Can We Trust AI-Generated Educational Content? Comparative Analysis of Human and AI-Generated Learning Resources

Paul Denny,Hassan Khosravi,Arto Hellas,Juho Leinonen,Sami Sarsa
2023-07-03
Abstract:As an increasing number of students move to online learning platforms that deliver personalized learning experiences, there is a great need for the production of high-quality educational content. Large language models (LLMs) appear to offer a promising solution to the rapid creation of learning materials at scale, reducing the burden on instructors. In this study, we investigated the potential for LLMs to produce learning resources in an introductory programming context, by comparing the quality of the resources generated by an LLM with those created by students as part of a learnersourcing activity. Using a blind evaluation, students rated the correctness and helpfulness of resources generated by AI and their peers, after both were initially provided with identical exemplars. Our results show that the quality of AI-generated resources, as perceived by students, is equivalent to the quality of resources generated by their peers. This suggests that AI-generated resources may serve as viable supplementary material in certain contexts. Resources generated by LLMs tend to closely mirror the given exemplars, whereas student-generated resources exhibit greater variety in terms of content length and specific syntax features used. The study highlights the need for further research exploring different types of learning resources and a broader range of subject areas, and understanding the long-term impact of AI-generated resources on learning outcomes.

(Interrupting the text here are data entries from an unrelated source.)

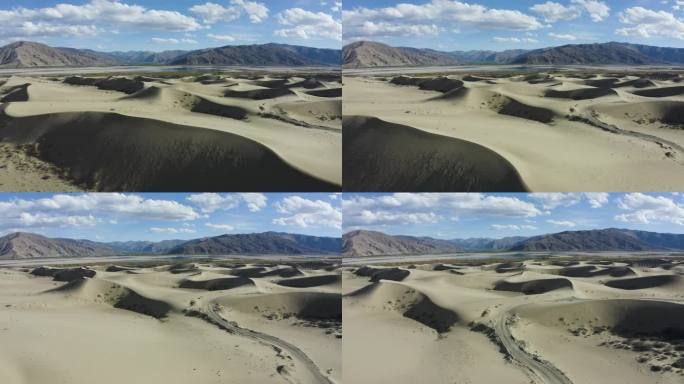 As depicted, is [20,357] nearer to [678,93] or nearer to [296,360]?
[296,360]

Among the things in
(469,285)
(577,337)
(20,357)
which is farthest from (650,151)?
(20,357)

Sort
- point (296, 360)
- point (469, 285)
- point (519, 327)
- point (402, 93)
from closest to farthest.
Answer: point (296, 360) < point (519, 327) < point (469, 285) < point (402, 93)

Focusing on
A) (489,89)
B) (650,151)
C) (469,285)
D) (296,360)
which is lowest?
(469,285)

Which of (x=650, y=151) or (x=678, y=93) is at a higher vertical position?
(x=678, y=93)

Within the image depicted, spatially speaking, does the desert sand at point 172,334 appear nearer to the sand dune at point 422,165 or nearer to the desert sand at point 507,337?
the desert sand at point 507,337

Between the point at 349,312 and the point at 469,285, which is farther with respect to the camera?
the point at 469,285

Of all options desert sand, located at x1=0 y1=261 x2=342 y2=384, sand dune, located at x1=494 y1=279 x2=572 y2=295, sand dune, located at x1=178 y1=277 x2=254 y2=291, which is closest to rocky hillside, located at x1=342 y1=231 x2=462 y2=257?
sand dune, located at x1=494 y1=279 x2=572 y2=295

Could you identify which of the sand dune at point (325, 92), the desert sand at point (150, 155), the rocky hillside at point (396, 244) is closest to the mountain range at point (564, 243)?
the rocky hillside at point (396, 244) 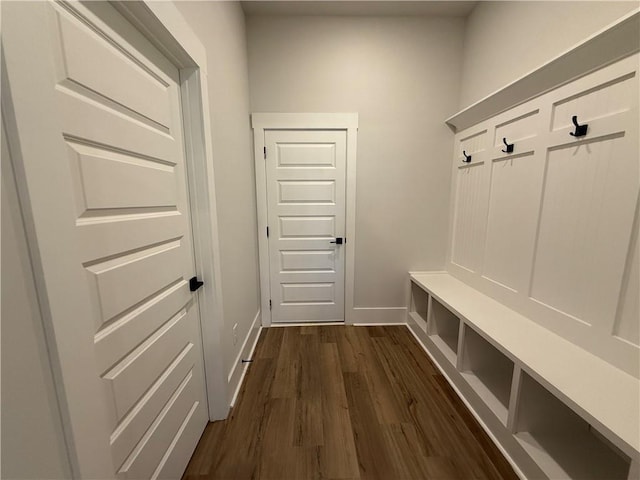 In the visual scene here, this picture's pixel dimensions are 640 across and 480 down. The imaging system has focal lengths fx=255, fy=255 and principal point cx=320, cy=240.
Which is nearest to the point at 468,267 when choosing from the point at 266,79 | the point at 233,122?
the point at 233,122

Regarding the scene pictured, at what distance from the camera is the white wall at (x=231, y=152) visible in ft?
4.87

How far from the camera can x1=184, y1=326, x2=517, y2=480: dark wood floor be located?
51.6 inches

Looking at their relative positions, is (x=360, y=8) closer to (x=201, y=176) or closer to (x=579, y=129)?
(x=579, y=129)

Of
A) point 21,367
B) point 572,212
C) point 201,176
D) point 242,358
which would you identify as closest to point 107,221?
point 21,367

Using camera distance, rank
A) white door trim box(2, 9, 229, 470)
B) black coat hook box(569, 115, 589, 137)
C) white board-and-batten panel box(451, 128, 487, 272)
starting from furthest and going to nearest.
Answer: white board-and-batten panel box(451, 128, 487, 272)
black coat hook box(569, 115, 589, 137)
white door trim box(2, 9, 229, 470)

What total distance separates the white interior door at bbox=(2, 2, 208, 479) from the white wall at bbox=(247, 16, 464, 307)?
5.03 feet

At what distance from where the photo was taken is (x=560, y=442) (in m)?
1.28

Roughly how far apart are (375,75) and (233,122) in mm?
1451

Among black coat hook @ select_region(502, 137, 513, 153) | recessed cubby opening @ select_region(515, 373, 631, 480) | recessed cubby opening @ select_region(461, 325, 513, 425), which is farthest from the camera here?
black coat hook @ select_region(502, 137, 513, 153)

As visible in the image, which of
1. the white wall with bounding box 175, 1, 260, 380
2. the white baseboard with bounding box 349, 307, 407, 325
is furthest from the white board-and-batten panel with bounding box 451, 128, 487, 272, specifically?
the white wall with bounding box 175, 1, 260, 380

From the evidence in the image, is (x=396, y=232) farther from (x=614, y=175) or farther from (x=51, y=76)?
(x=51, y=76)

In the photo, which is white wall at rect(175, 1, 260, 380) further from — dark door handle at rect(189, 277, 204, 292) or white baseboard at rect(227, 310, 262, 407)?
dark door handle at rect(189, 277, 204, 292)

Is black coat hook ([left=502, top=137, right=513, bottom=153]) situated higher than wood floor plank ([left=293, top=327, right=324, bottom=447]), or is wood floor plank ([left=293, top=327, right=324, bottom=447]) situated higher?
black coat hook ([left=502, top=137, right=513, bottom=153])

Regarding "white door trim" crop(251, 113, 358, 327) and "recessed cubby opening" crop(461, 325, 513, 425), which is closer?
"recessed cubby opening" crop(461, 325, 513, 425)
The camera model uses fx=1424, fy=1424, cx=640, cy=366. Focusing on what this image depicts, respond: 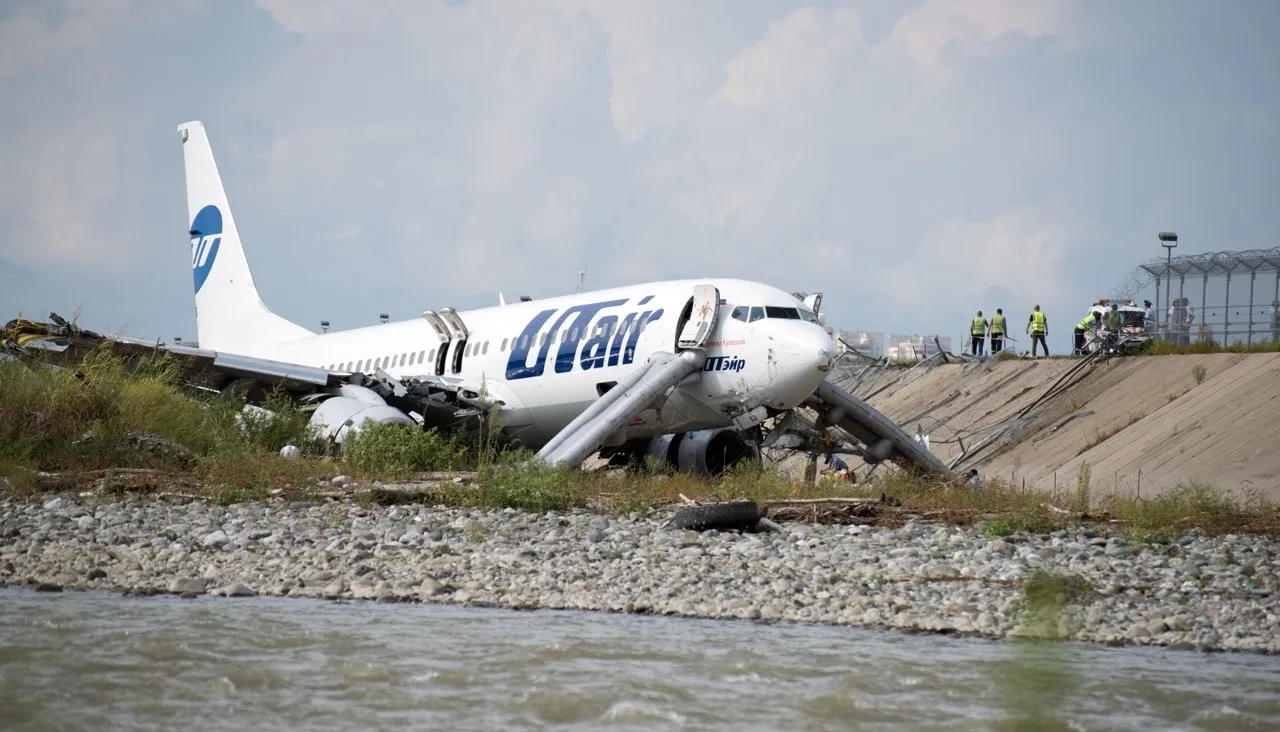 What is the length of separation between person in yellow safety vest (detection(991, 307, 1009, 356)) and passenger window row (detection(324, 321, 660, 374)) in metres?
19.3

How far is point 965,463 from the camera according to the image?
1202 inches

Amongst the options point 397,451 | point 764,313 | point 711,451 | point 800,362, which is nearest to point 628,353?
point 764,313

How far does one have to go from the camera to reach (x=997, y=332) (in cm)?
3975

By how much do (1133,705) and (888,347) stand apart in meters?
40.4

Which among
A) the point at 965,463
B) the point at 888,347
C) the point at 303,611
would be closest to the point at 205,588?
the point at 303,611

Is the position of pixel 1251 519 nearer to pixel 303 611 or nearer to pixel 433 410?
pixel 303 611

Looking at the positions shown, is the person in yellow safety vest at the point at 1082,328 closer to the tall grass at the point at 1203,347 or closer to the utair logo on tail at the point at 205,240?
the tall grass at the point at 1203,347

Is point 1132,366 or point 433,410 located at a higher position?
point 1132,366

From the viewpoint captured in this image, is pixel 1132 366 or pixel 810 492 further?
pixel 1132 366

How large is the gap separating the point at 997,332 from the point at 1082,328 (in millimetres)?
4267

Human-Computer Interaction,Artificial Intelligence
What problem does this paper attempt to address?
The problem that this paper attempts to solve is that in online learning platforms, the demand for large - scale generation of high - quality educational resources is growing day by day. Large language models (LLMs) are regarded as a promising solution for quickly creating learning materials and can relieve the burden on teachers. In this study, the author explored the potential of LLMs to generate learning resources in the context of an introductory programming course by comparing the quality of resources generated by LLMs with those created by students as part of their learner - contribution activities. Specifically, the study aimed to evaluate: 1. **RQ1: Given the same guiding examples, how do student - generated learning resources differ from AI - generated learning resources in terms of overall length and the presence of grammatical features?** - This study measured the comprehensiveness of these resources by analyzing the retention of C keyword usage in code examples generated by students and AI, as well as the length (number of characters) of the "code" and "explanation" parts. 2. **RQ2: How do students view the correctness and usefulness of student - generated content compared to AI - generated content?** - The study also examined students' responses to each criterion (code correctness, explanation correctness, and example usefulness), as well as their overall judgment of resource quality, in order to understand students' views on these two types of resources. Through blind evaluation, students evaluated the resources without knowing their sources. The results of this study indicate that, from the students' perspective, the quality of AI - generated resources is equivalent to that of student - generated resources. This shows that in some cases, AI - generated resources can be used as effective supplementary materials. However, AI - generated resources tend to closely imitate the given examples, while student - generated resources show greater diversity in terms of content length and specific grammatical features used. The study emphasizes the need for further exploration of different types of learning resources and broader subject areas, as well as understanding the long - term impact of AI - generated resources on students' learning outcomes.